START DATA

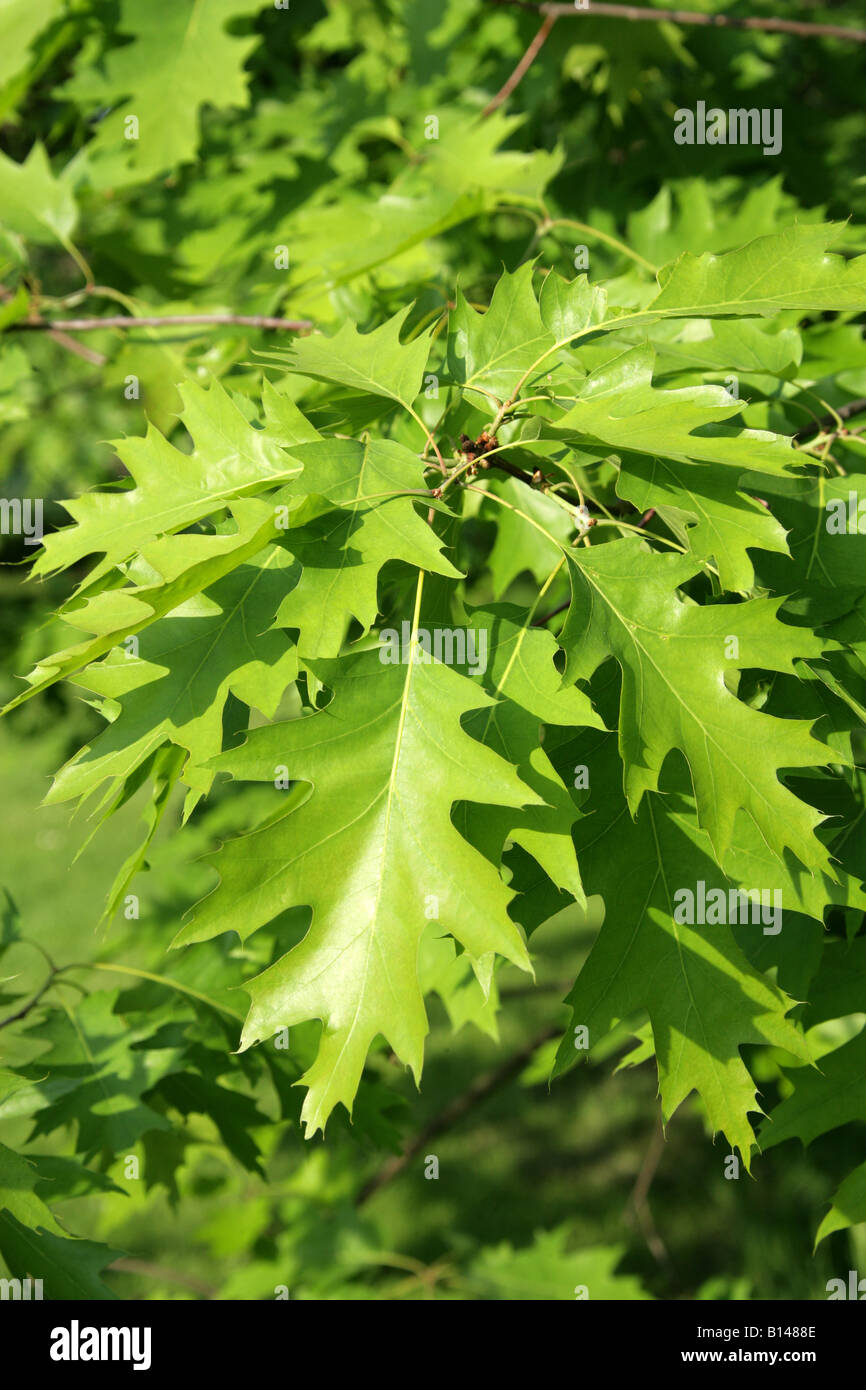 Northern Red Oak, Quercus rubra syn. Quercus borealis, Fagaceae. Banque D'Images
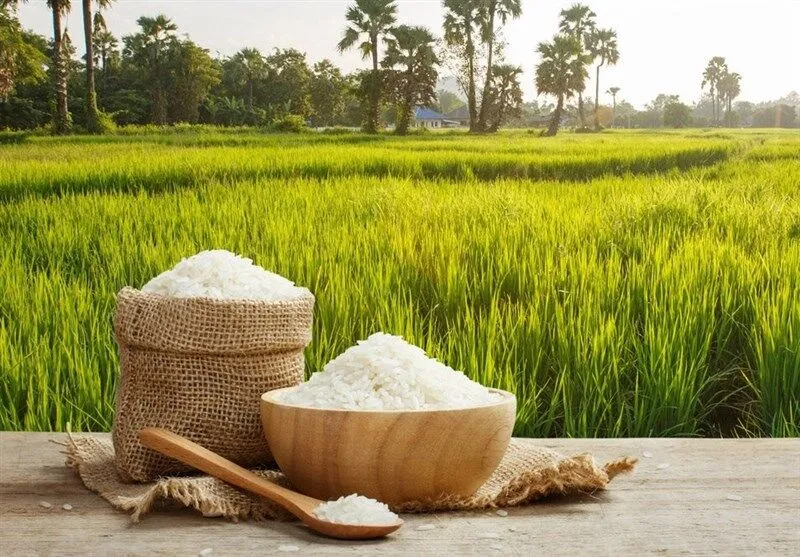 تولید بیش از 32 هزار تن برنج سفید در آذربایجان شرقی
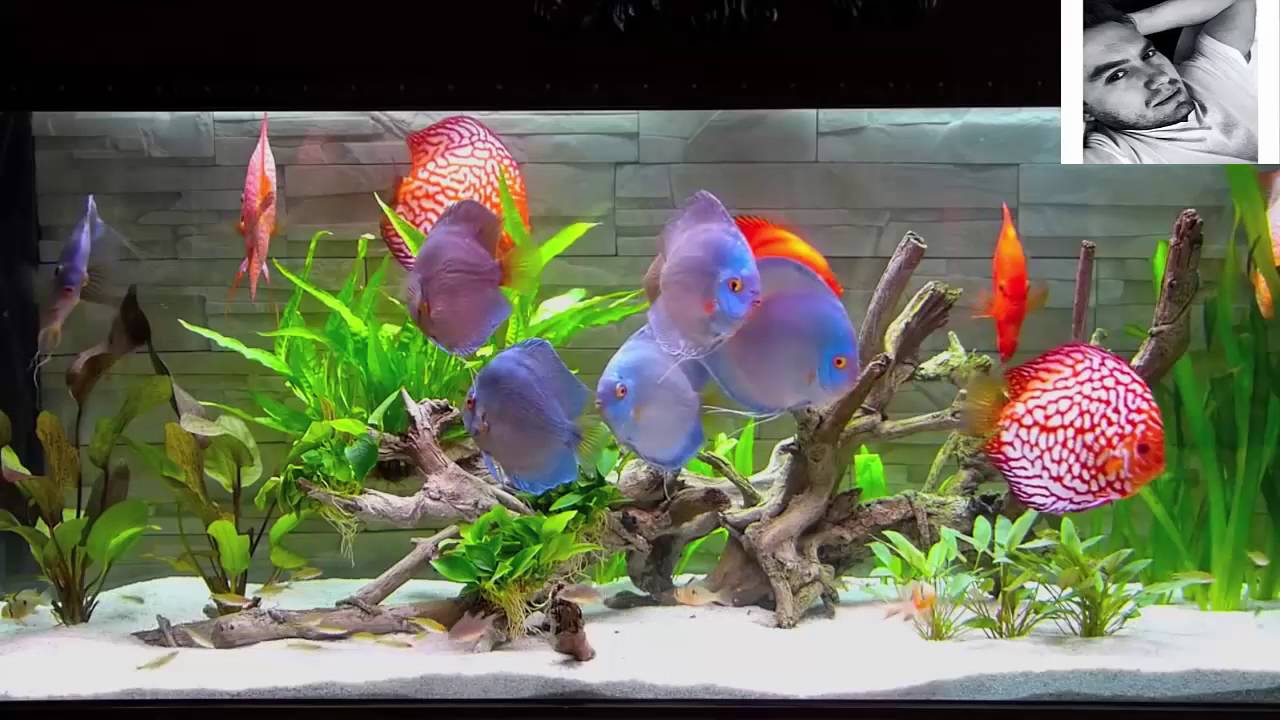 Symphysodon discus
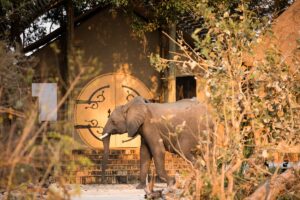 an elephant walking across the door to a guestroom at Sitatunga Private Island
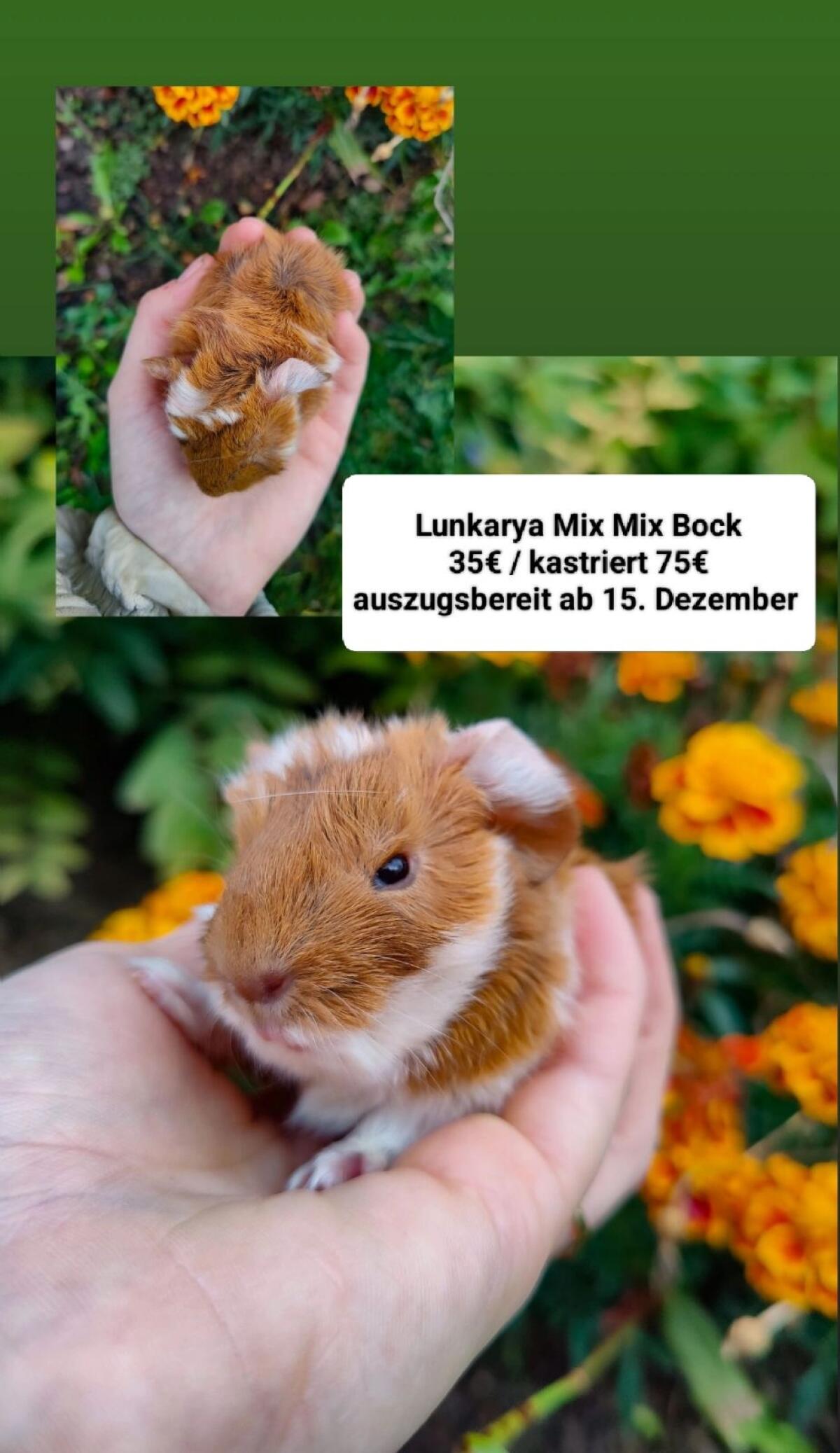 Meerschweinchen und Erzieher 2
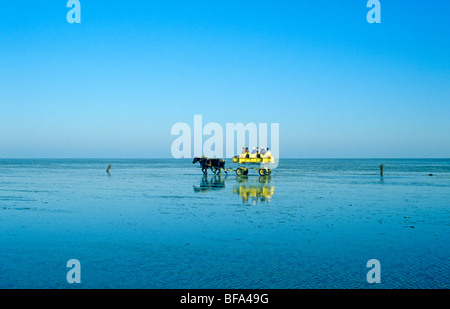 travelling by horse-drawn carriage through mud flats from Duhnen to Holm Neuwerk, Cuxhaven, Lower Saxony, Germany Stock Photo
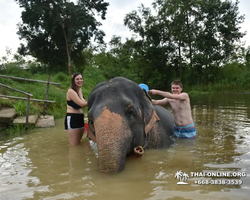 Elephant Jungle Sanctuary excursion in Pattaya Thailand - photo 344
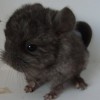 Наоми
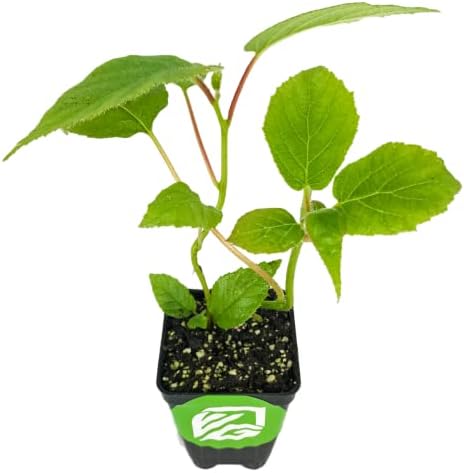 Vincent Female Kiwi Live Vine Plant - Actinidia chinensis by Wellspring Gardens - Grow Your Own Kiwi Fruit Vines on a Fence, Container or Trellis - Starter Plant - Image 3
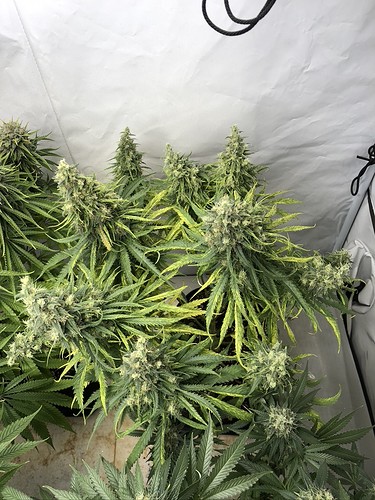Growreport Bild 10
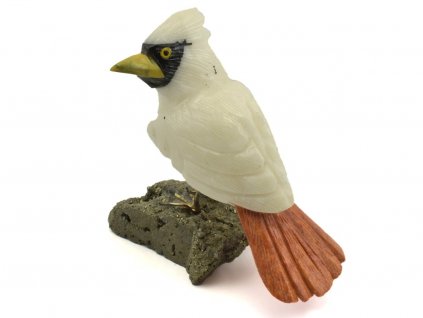 soska ptak peru 37a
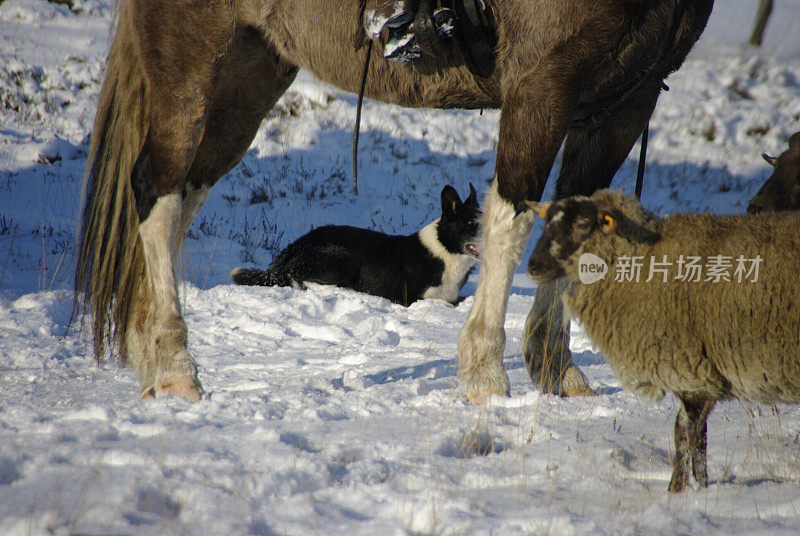 牧羊犬在行动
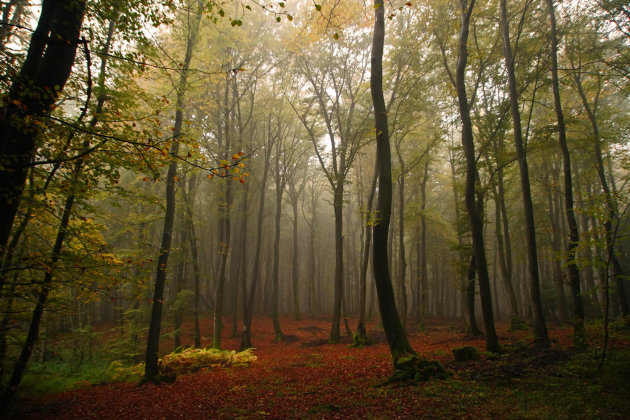 Herfst in de Eifel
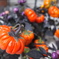 ハロウィンがやってくる＾＾ｗ。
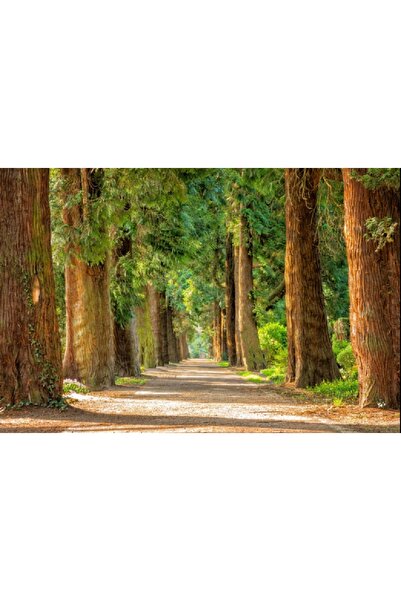 media Πίνακας σε καμβά: Θρησκευτικά αποσπάσματα πολιτικής πολιτείας, 75 x 50 εκ.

END DATA

[TASK STATEMENT]
Omit the pictures, then extract verbatim only those lines that fall between the line containing "Meerschweinchen und Erzieher 2" and the final line of the records above, both included.

[REPLY]
 Meerschweinchen und Erzieher 2
 travelling by horse-drawn carriage through mud flats from Duhnen to Holm Neuwerk, Cuxhaven, Lower Saxony, Germany Stock Photo
 Elephant Jungle Sanctuary excursion in Pattaya Thailand - photo 344
 Наоми
 Vincent Female Kiwi Live Vine Plant - Actinidia chinensis by Wellspring Gardens - Grow Your Own Kiwi Fruit Vines on a Fence, Container or Trellis - Starter Plant - Image 3
Growreport Bild 10
 soska ptak peru 37a
 牧羊犬在行动
 Herfst in de Eifel
 ハロウィンがやってくる＾＾ｗ。
 media Πίνακας σε καμβά: Θρησκευτικά αποσπάσματα πολιτικής πολιτείας, 75 x 50 εκ.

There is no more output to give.